- What to do:
The string "Unisex" appears in some lines of the entries that follow; copy each such line.
Start of Task inputs
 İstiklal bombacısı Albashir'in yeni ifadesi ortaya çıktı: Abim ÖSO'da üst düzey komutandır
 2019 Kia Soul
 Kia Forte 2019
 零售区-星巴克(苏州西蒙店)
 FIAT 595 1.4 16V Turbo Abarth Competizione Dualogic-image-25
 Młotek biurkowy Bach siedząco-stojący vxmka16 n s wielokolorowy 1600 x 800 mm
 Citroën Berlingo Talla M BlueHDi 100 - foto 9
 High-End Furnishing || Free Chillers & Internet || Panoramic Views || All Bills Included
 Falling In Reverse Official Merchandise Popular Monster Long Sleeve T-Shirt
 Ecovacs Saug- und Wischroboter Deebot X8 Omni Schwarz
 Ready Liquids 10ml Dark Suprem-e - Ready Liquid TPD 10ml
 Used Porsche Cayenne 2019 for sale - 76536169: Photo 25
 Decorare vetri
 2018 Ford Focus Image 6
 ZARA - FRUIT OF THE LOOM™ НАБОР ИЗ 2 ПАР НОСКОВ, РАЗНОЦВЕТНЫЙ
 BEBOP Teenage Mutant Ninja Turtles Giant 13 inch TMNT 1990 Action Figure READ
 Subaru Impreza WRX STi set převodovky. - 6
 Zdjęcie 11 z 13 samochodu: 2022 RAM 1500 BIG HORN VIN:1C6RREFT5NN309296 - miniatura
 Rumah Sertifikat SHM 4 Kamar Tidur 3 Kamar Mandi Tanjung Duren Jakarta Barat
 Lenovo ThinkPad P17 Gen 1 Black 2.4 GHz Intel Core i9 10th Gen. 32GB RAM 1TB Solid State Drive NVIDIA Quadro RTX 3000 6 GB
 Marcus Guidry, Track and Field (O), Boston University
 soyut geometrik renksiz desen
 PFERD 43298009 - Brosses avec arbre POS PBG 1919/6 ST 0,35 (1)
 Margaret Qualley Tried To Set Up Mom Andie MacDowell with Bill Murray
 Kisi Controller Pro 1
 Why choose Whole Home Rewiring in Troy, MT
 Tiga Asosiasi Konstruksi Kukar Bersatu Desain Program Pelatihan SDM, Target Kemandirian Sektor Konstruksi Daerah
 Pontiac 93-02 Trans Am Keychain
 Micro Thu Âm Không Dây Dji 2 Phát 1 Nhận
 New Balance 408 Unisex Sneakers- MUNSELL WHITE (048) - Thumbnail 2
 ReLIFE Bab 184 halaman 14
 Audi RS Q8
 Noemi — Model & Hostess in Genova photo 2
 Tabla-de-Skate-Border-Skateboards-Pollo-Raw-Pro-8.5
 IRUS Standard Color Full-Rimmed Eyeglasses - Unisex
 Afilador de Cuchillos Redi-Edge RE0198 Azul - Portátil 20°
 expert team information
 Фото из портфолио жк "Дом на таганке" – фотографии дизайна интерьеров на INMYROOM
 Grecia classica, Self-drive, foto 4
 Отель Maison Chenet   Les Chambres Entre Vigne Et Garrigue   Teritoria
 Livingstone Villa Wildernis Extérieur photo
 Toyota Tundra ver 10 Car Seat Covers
End of Task inputs
- Task solution:
 New Balance 408 Unisex Sneakers- MUNSELL WHITE (048) - Thumbnail 2
 IRUS Standard Color Full-Rimmed Eyeglasses - Unisex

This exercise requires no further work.